Introducing November/December 2019July 20th, 2021 by Nathan Hobbs
Hands On: Hardware
Vision’s Dual Auto-Lock WOCD Venting Tilt-Latch System Does It All (Very Succinctly)
When it comes to using window opening control devices (WOCD), from a safety and compliance perspective they’re a no brainer. From a production perspective, however, unless you know exactly what the customer wants, it can be complicated. Vision Hardware’s new WOCD Tilt-Latch offers an integrated option for WOCD functions that can be installed into every window and activated only when you need it—including at the time of window installation.
With the Tilt-Latch system in place, every window is prepped to be WOCD compliant. The hardware incorporates lock, unlock, tilt and vent lock/WOCD features into a single set of routed or drop-in style tilt latches, eliminating the need for separate components. The same hardware can be used in windows for which WOCD isn’t desired, or WOCD can be added, “simply by adding a small block,” says Glen Paesano, Vision’s vice president of sales and marketing—including at the time of window manufacture, prior to final delivery or amid installation. An actuator block fits into the jamb with constant force balance systems for any single- or double-hung window and “can be added no matter how little space is available in the upper sash or vertical stile,” Paesano says.
In hands-on analysis: [DWM]’s editors found Vision’s new WOCD Tilt-Latch to be aesthetically streamlined and simple to operate. Its design is both compact and unobtrusive, especially compared to other multi-function hardware—most notably by eliminating the need for top-mounted latches.
By sliding two latches incorporated into the top corners of a window sash inward (where most tilt latches are expected to be), windows open to a safe (WOCD compliant) level.

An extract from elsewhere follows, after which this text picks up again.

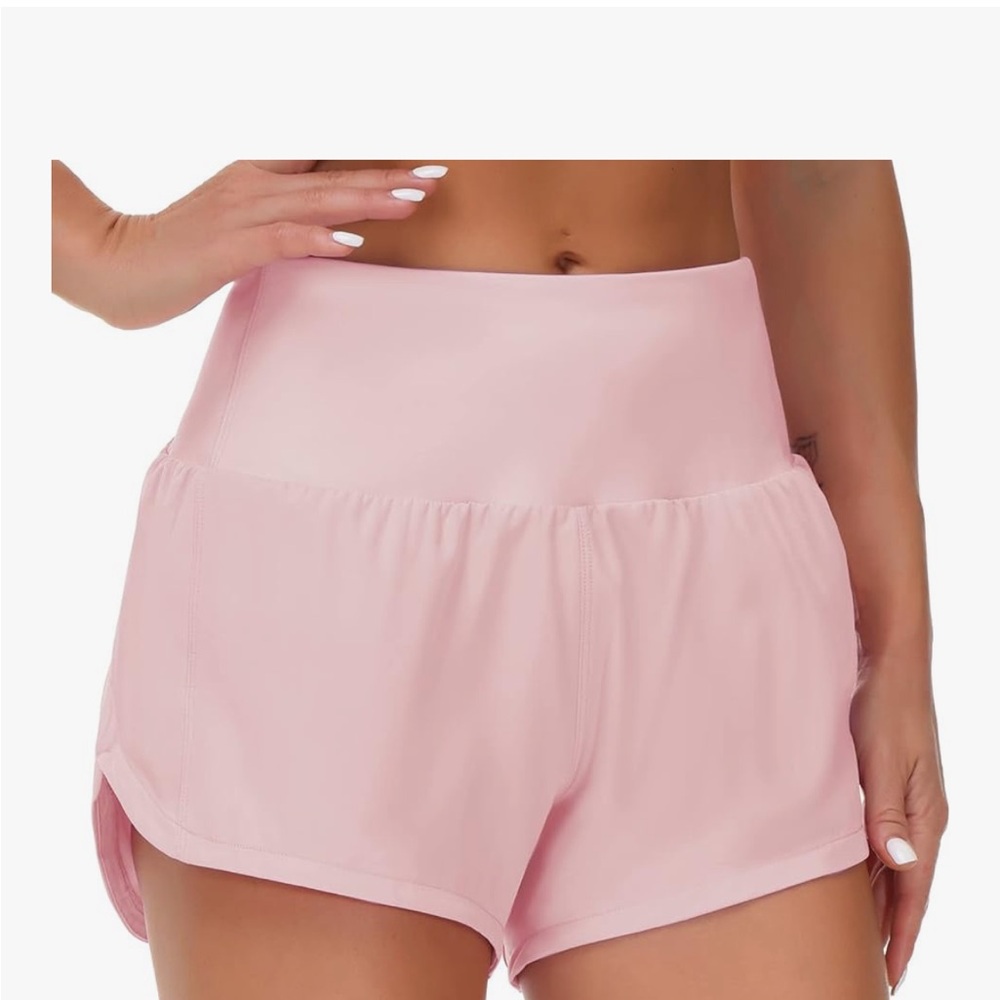 The Gym People Women's Pink High-Waisted Shorts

Sliding the latches a second time allows the window to open fully. The same hardware locks the window, as well as activates a tilt function.
R.R. Donnelley and Sons Co. recently introduced a new 26-inch, liner-less press. Company officials say the product is ideal for door and window brands that want to print on both sides of a label, including everything from safety and warning tags to installation instructions and logos.

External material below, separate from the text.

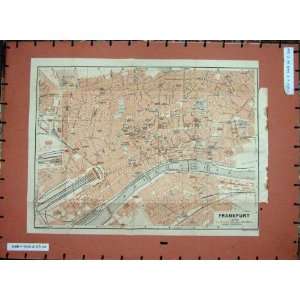  MAP 1910 RHINE STREET PLAN FRANKFURT GERMANY MAIN FLUSS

Cleantech adhesives are designed to peel off clean (like Post-it notes) without leaving any messy residue. Meanwhile, liner-less labels eliminate materials that might otherwise end up in landfills, officials suggest. The company estimates that for every 1,000 4-inch-by-6-inch labels, up to three or four pounds of liner can be eliminated.
One of the drawbacks that holds some vinyl products back from achieving real-wood aesthetics includes weld lines. In July, ProVia introduced FineLine Technology, a technique that company officials say produces straight, clean corner welds. Employed on Endure Vinyl Patio Doors, the technology achieves “picture frame quality,” they suggest.
According to company information, ProVia is the first building products manufacturer to offer this technology in the U.S.
EDTM recently introduced a dual-purpose low-E detector that officials say is perfect for window manufacturing applications.
The device can be used for testing single panes of glass in production to ensure the coated surface is on top, or to see if the glass was properly edge deleted.
With the winter months setting in, it’s time for installers to take a close look at their sealants. LePage Quad Max is a door, window and siding sealant that’s designed to offer superior flexibility, durability and adhesion, company officials say, while sticking to wet and cold surfaces. According to company information, the product is resistant to bubbling, has no shrinkage and is paint-ready in one hour.
The sealant is formulated to provide a consistent bead in temperatures ranging from below zero to 140°F application. When the summer months roll around, it’s also designed to ensure long-term durability against sun exposure.
As door companies face the dilemma of labor shortages, ODL looks to gather their attention to ZEEL—a new door glass frame that attaches via metal clips, instead of screws. The product installs by tamping into place and includes a foam seal that removes the need for caulk or liquid-based sealants. The product is designed to provide a clean, low-profile look as an alternative to flush-glazed doors, while providing the benefits of a frame system. The frame can be pried off for easier and quicker door glass replacement, when compared to those that require additional sealants and fasteners.
The company also recently introduced Dialogue Layered Glass, a decorative glass product that’s engineered “to give subtle design a personality of its own,” officials suggest. ODL collaborated with Rhode Island-based design studio Observatory to produce six unique ceramic frit patterns that appear to move with changing daylight and vantage points.